◆ Supplied information:
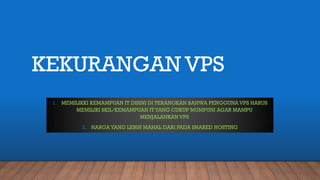 KEKURANGAN VPS
1. MEMILIKKI KEMAMPUAN IT DISINI DI TERANGKAN BAHWA PENGGUNA VPS HARUS
MEMILIKI SKIL/KEMAMPUAN ITYANG CUKUP MUMPUNI AGAR MAMPU
MENJALANKAN VPS
2. HARGAYANG LEBIH MAHAL DARI PADA SHARED HOSTING
 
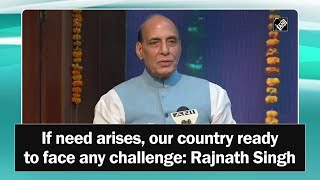If need arises, our country ready to face any challenge: Rajnath Singh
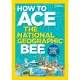 How to Ace the National Geographic Bee: Official Study Guide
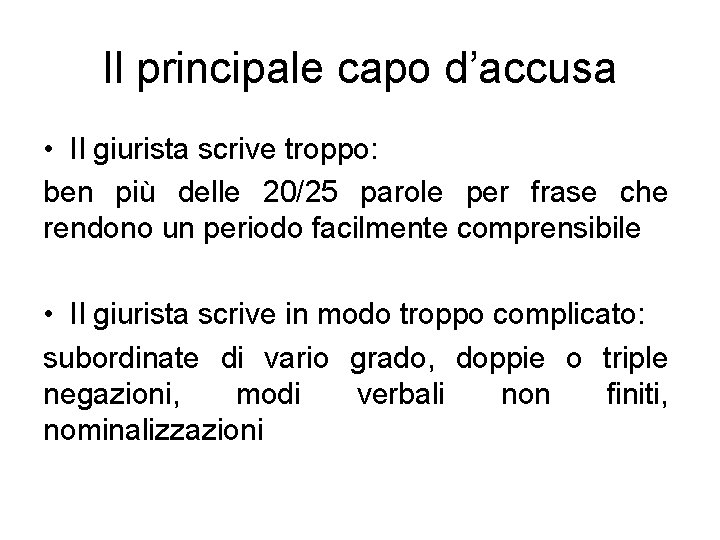 Il principale capo d’accusa • Il giurista scrive troppo: ben più delle 20/25 parole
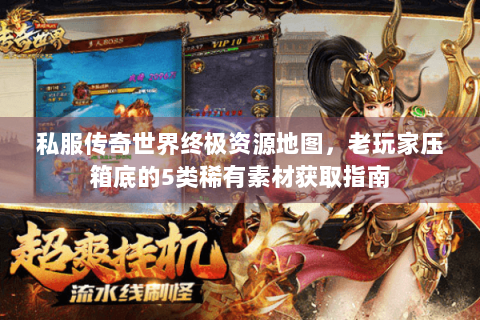私服传奇世界终极资源地图，老玩家压箱底的5类稀有素材获取指南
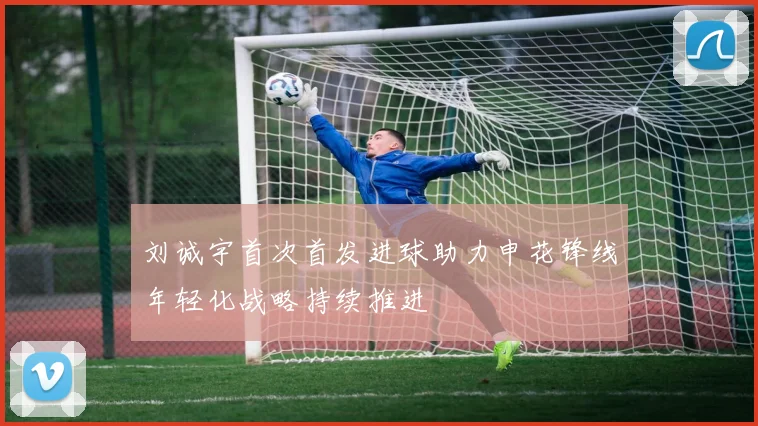 刘诚宇首次首发进球助力申花锋线年轻化战略持续推进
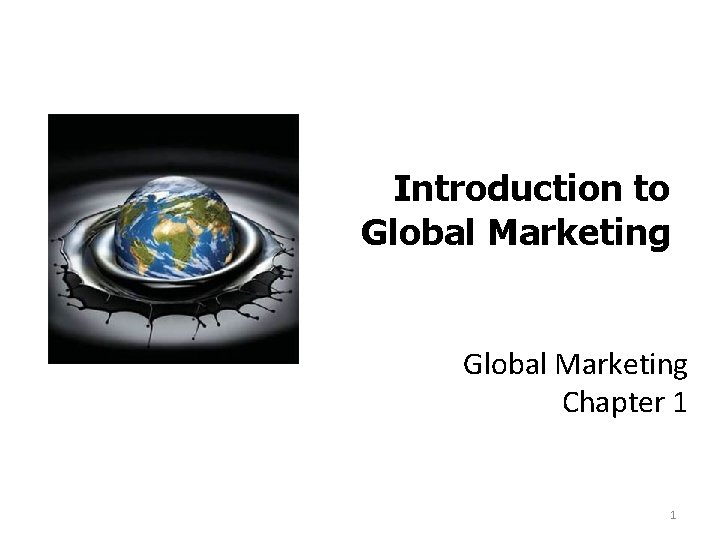 Introduction to Global Marketing Chapter 1 1 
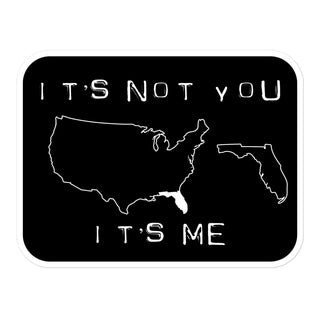 Its Not You FL Bubble-free stickers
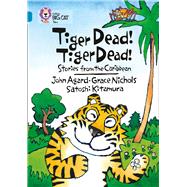 Tiger Dead! Tiger Dead! Stories from the Caribbean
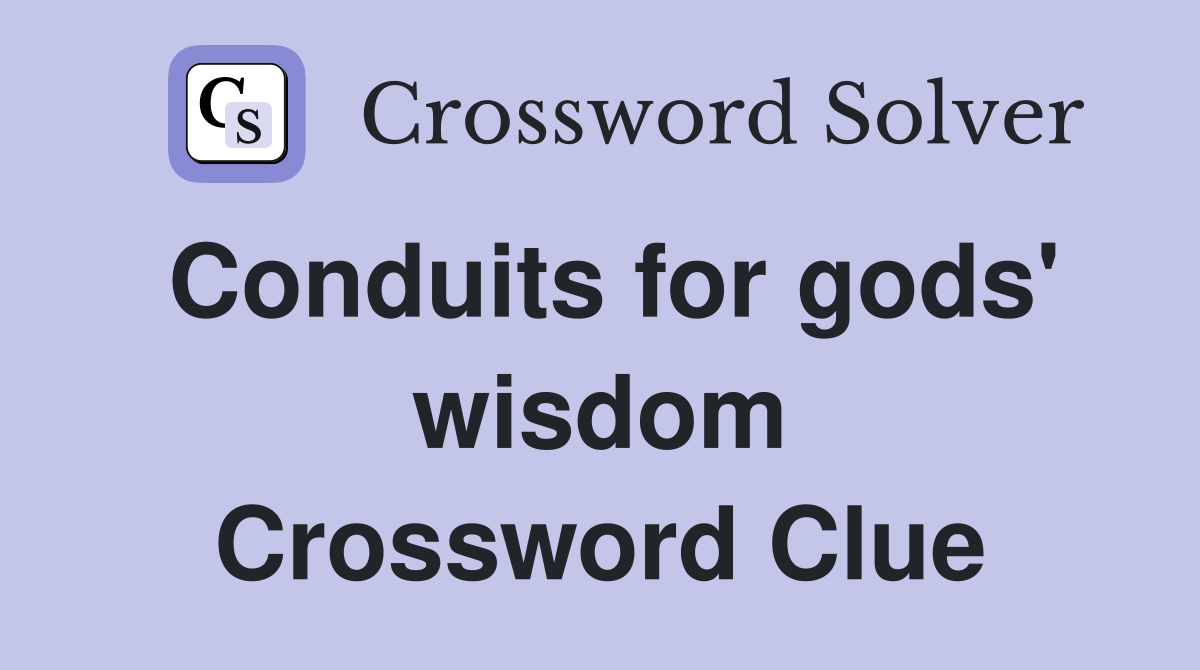 Conduits for gods' wisdom Crossword Clue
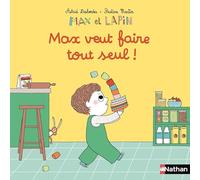 Max et lapin - Max veut faire tout seul - Album dès 2 ans
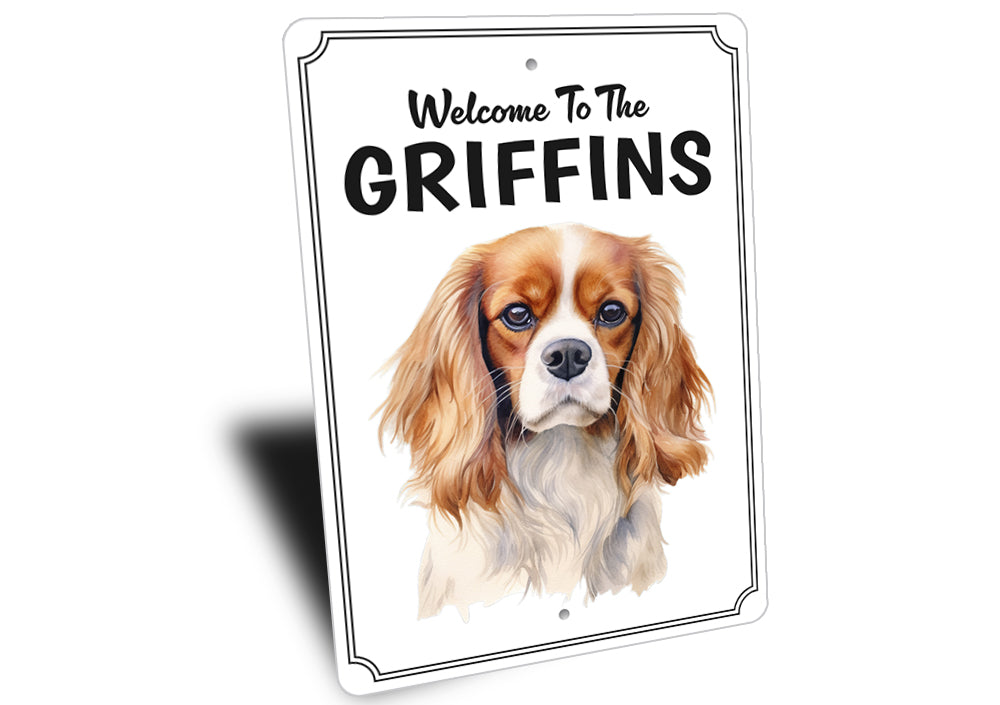 Cavalier King Charles Spaniel Welcome To Sign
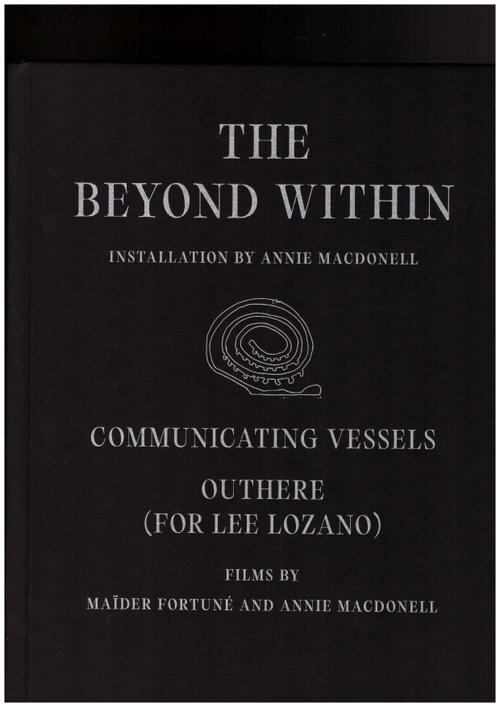 McDONELL, Annie; FORTUNÉ, Maïder - The Beyond Within (Art Metropole)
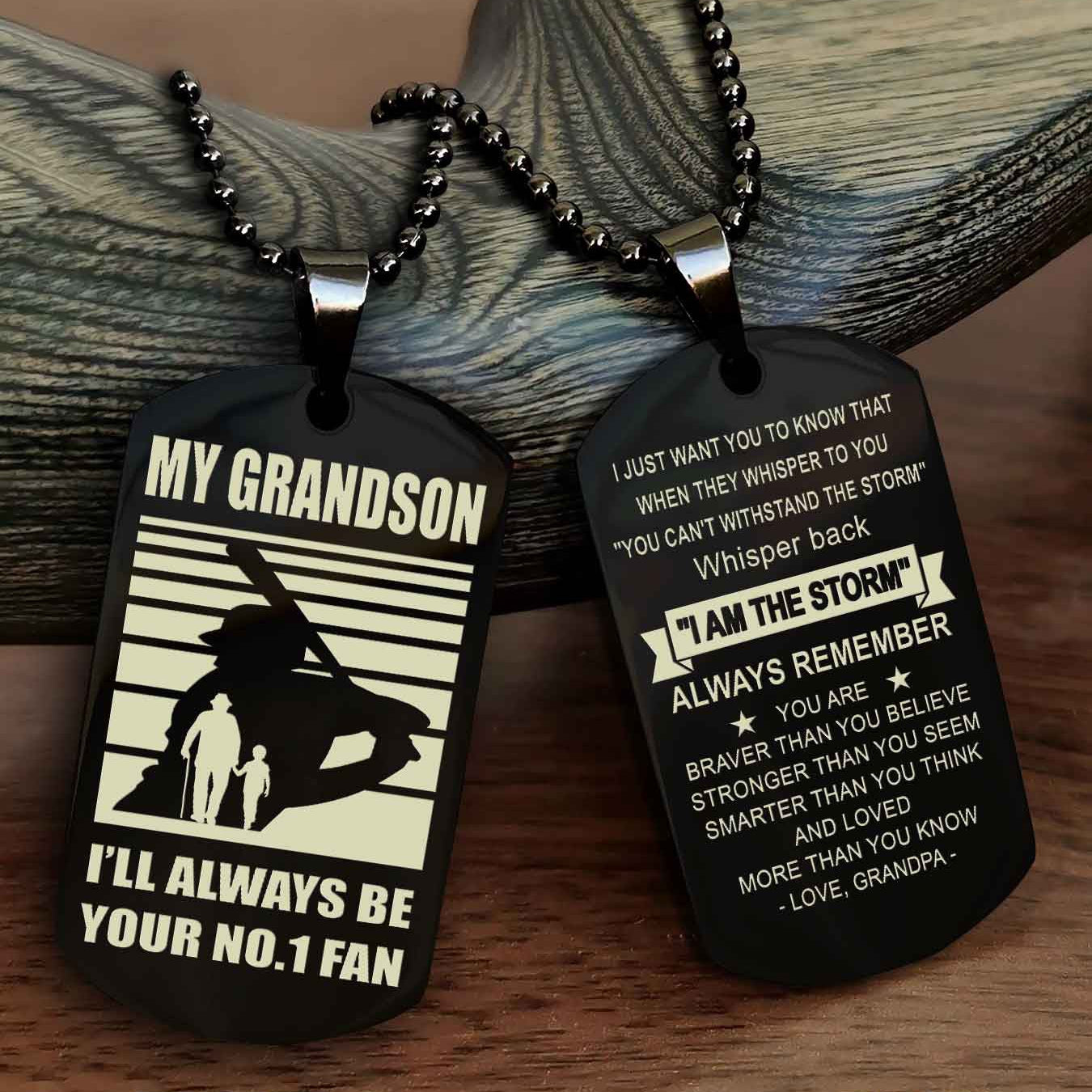 Sport Basketball Personalized Double Sided Dog Tag Granpa To Grandson I Will Always Be Your No 1 Fan - Whisper Back I'm The Storm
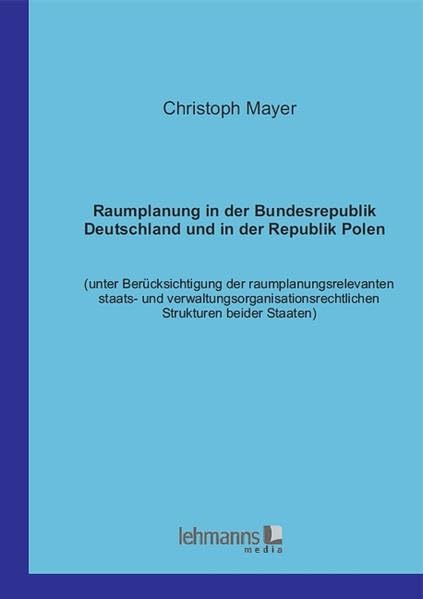 Raumplanung in der Bundesrepublik Deutschland und in der Republik Polen: Unter Berücksichtigung der raumplanungsrelevanten staats- und verwaltungsorganisationsrechtlichen Strukturen beider Staaten. Law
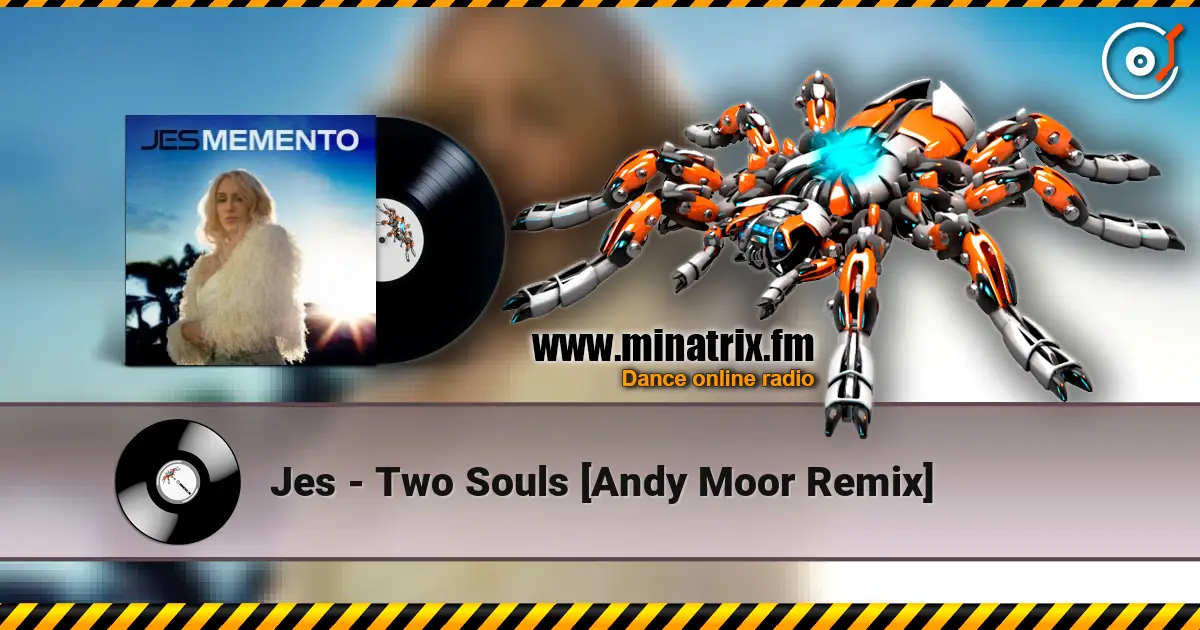 Jes - Two Souls [Andy Moor Remix] жоғары сапада онлайн тыңдау | Minatrix.FM
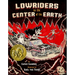 Lowriders to the Center of the Earth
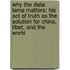 Why The Dalai Lama Matters: His Act Of Truth As The Solution For China, Tibet, And The World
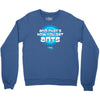 and that&rsquo;s how you get ants Crewneck Sweatshirt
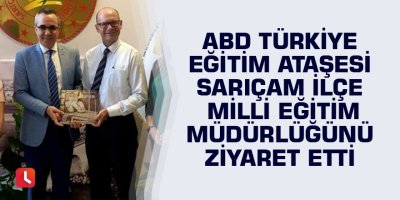 ABD Türkiye Eğitim Ataşesi Sarıçam ilçe Milli Eğitim Müdürlüğünü ziyaret etti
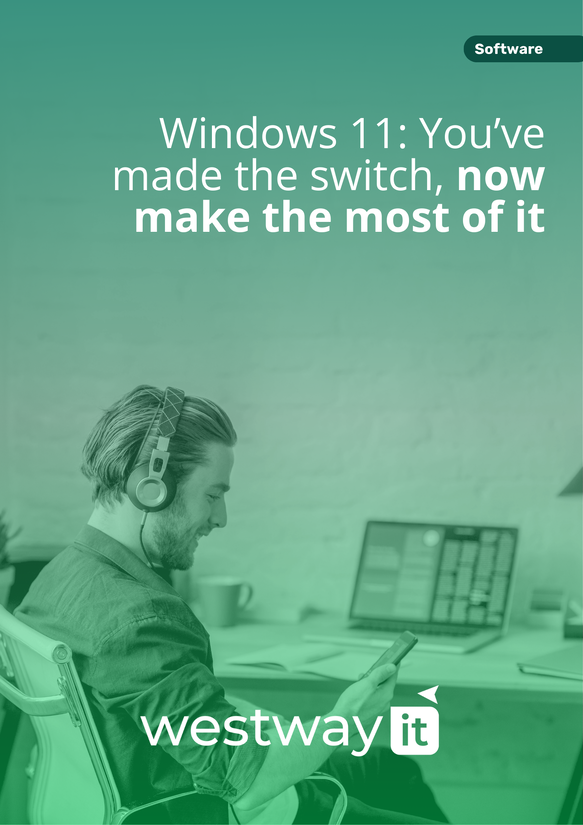 Windows 11: You’ve made the switch, now make the most of it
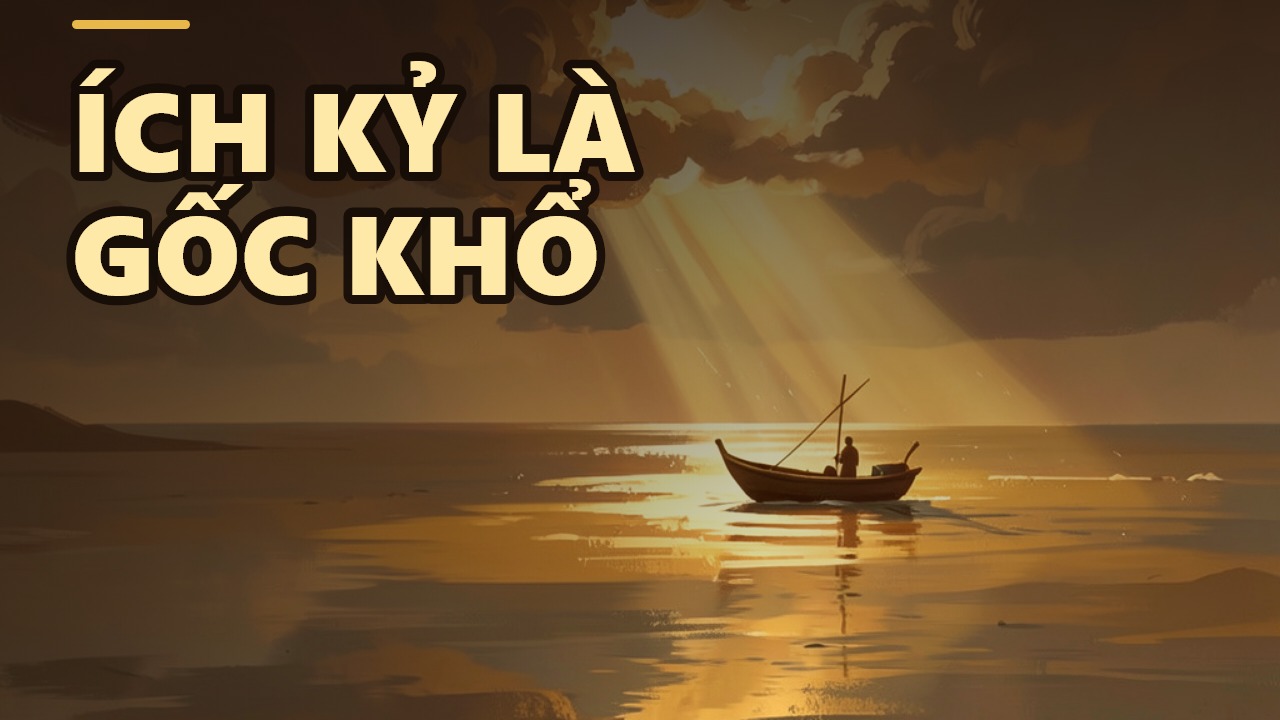 Vì sao chúng ta khổ? Đức Phật chỉ rõ: Ấy là do ích kỷ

◆ What to do:
Excluding any pictures, print exactly the lines of the listing above from the line with "刘诚宇首次首发进球助力申花锋线年轻化战略持续推进" to the line with "Sport Basketball Personalized", both ends included.

◆ Result below:
 刘诚宇首次首发进球助力申花锋线年轻化战略持续推进
 Introduction to Global Marketing Chapter 1 1 
 Its Not You FL Bubble-free stickers
 Tiger Dead! Tiger Dead! Stories from the Caribbean
 Conduits for gods' wisdom Crossword Clue
 Max et lapin - Max veut faire tout seul - Album dès 2 ans
 Cavalier King Charles Spaniel Welcome To Sign
 McDONELL, Annie; FORTUNÉ, Maïder - The Beyond Within (Art Metropole)
 Sport Basketball Personalized Double Sided Dog Tag Granpa To Grandson I Will Always Be Your No 1 Fan - Whisper Back I'm The Storm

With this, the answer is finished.